|
|
|
|
|
by sp332
5203 days ago
|
|
You said you stopped pointing people toward Linux because of the distros. But distros only add ways to get software. You don't have to use their package management at all. If you want to install a new version of an app, with or without the help of the distro, what better way is there to avoid dependency hell? Edit: Central-repository installation methods I've used: python easy_install, perl CPAN, Ubuntu PPAs (which are a way to add 3rd-party apps to your package manager). |
|
Without distros, the way to get software is unbearable for Windows converts, where it is just "click, click, done."
> what better way is there to avoid dependency hell?
All distros agreeing to ship one specific version of a lib, so that app devs can target that "standard" version instead of daily changing upstream versions.

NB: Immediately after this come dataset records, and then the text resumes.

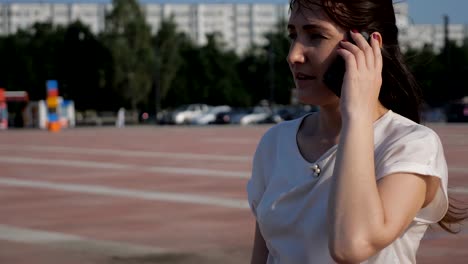 brunette-woman-in-the-street-is-dropping-a-phone-while-talking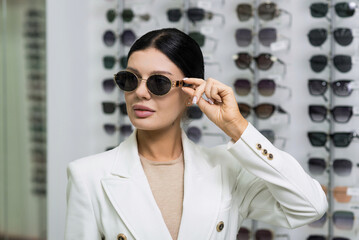 Attractive Caucasian young brunette woman in white suit chooses eyeglasses to buy at an optical store. Lifestyle, optometry, eyesight, assortment of glasses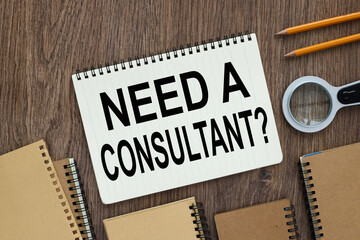Need a consultant? Open notebooknear a magnifying glass and pencils on wooden desk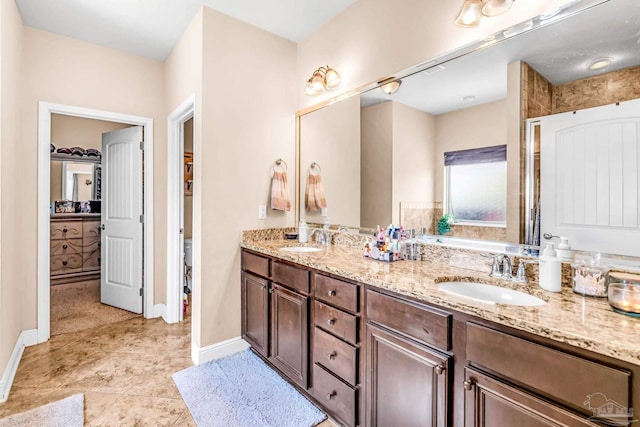2704 Wildhurst Trl, Pace, FL 32571 - bathroom featuring double vanity and a bathtub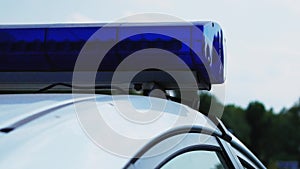 Blinking blue flashing lights during the day. Police patrol car. Close up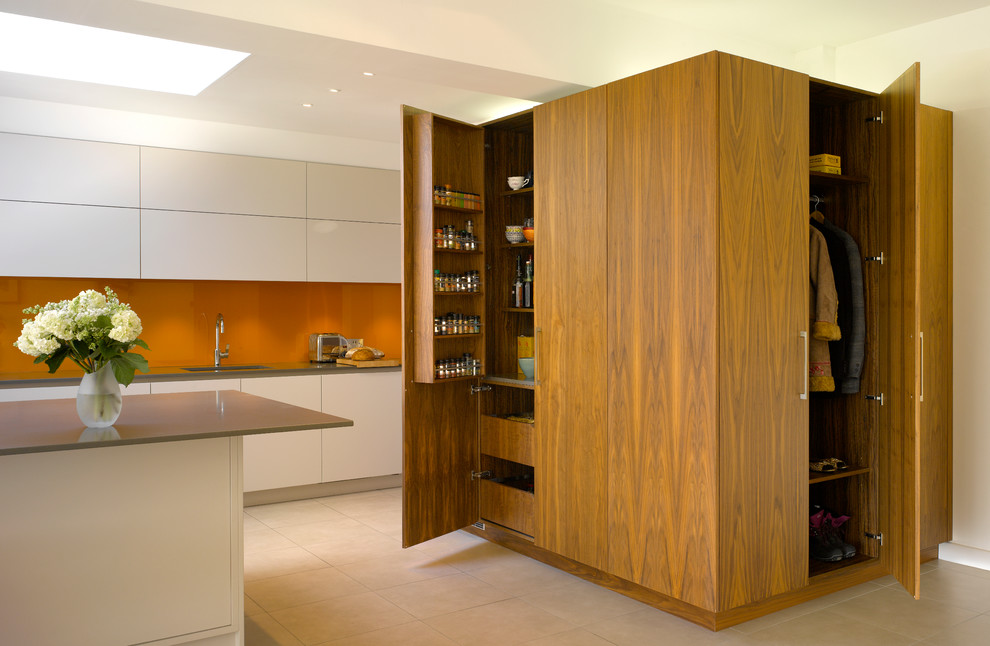 Inspiration for a large contemporary open plan kitchen in London with white cabinets.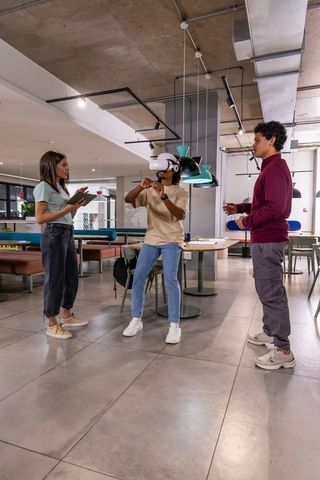 Diverse startup team testing vr headset in open office lounge, colleagues guiding demo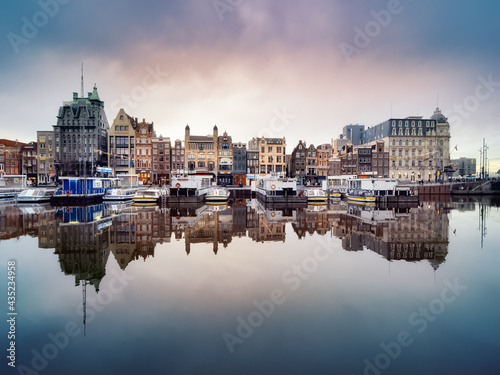Fotografía Reflection of historic canal houses and tourist canal boats in the Damrak canal in Amsterdam
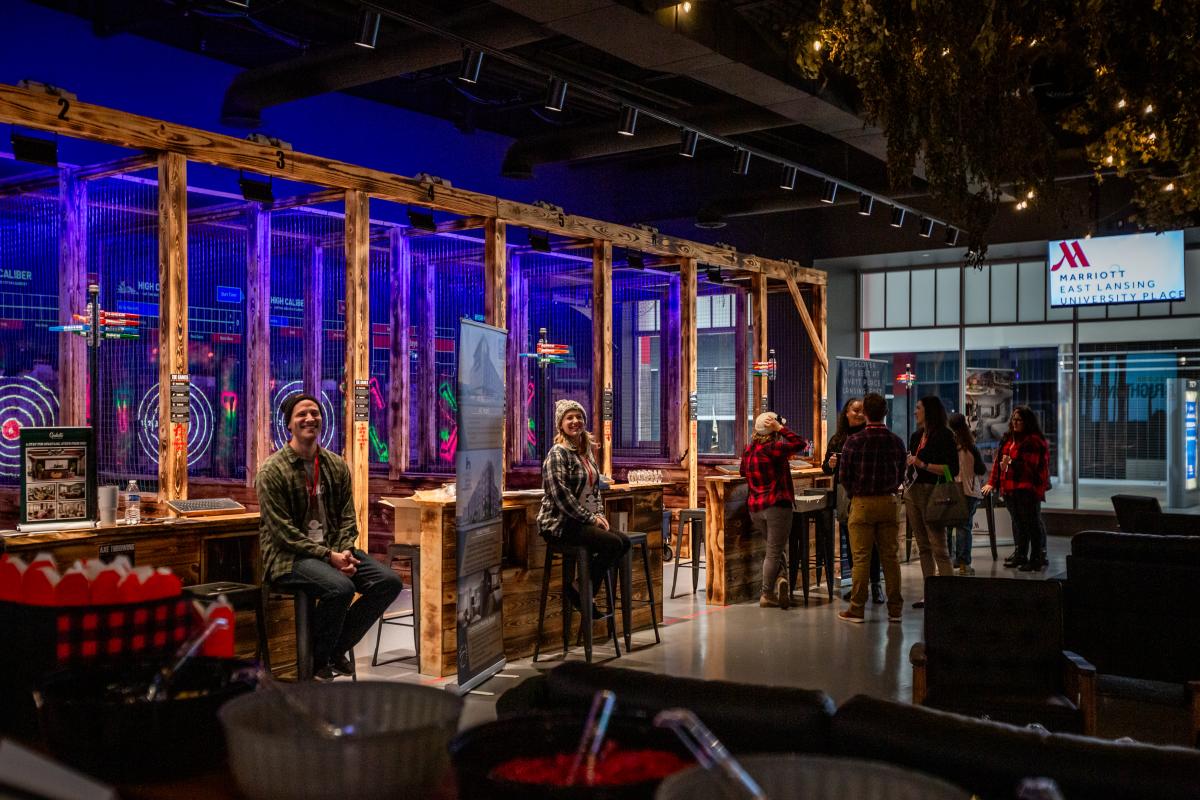 People sitting on stools in High Caliber's axe throwing stalls.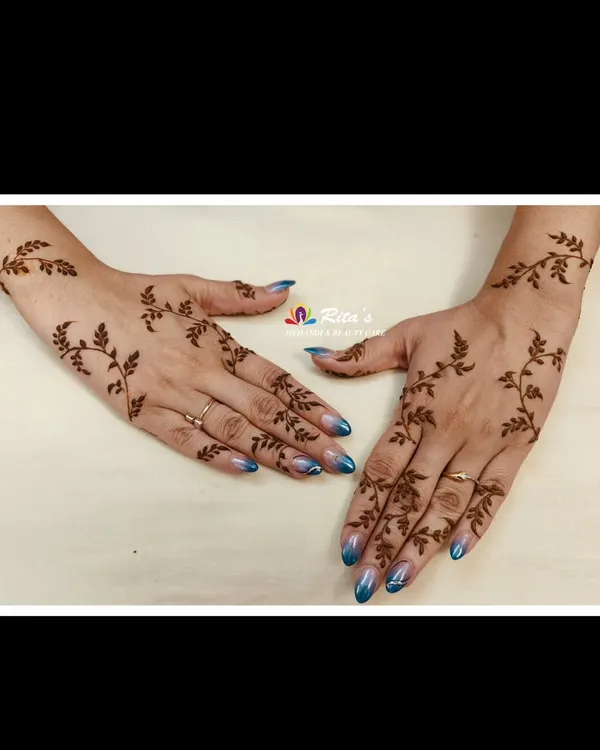 For when you just want 'thodi si mehendi'. This delicate leafy vine pattern is a perfect example of minimalist henna. It's elegant, modern, and beautiful for any occasion.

The dependency chaos is a consequence of no distribution being influential enough (or the major players not being able to agree) to slow down the interdependent moving target that is the library space. So app devs dont care what distros ship and only target the upstream, and the upstream lib devs dont care about the overall ecosystem and just ship whenever they feel like shipping.
Nobody of them seems to care about the user experience of the end user, for whom getting on Linux seems like building on a shaky ground. And then they both pretend to not understand that a majority of end users would rather pay for Windows and have a decade of peace of mind and hassle free app availability, than moving for free to a earthquake prone area.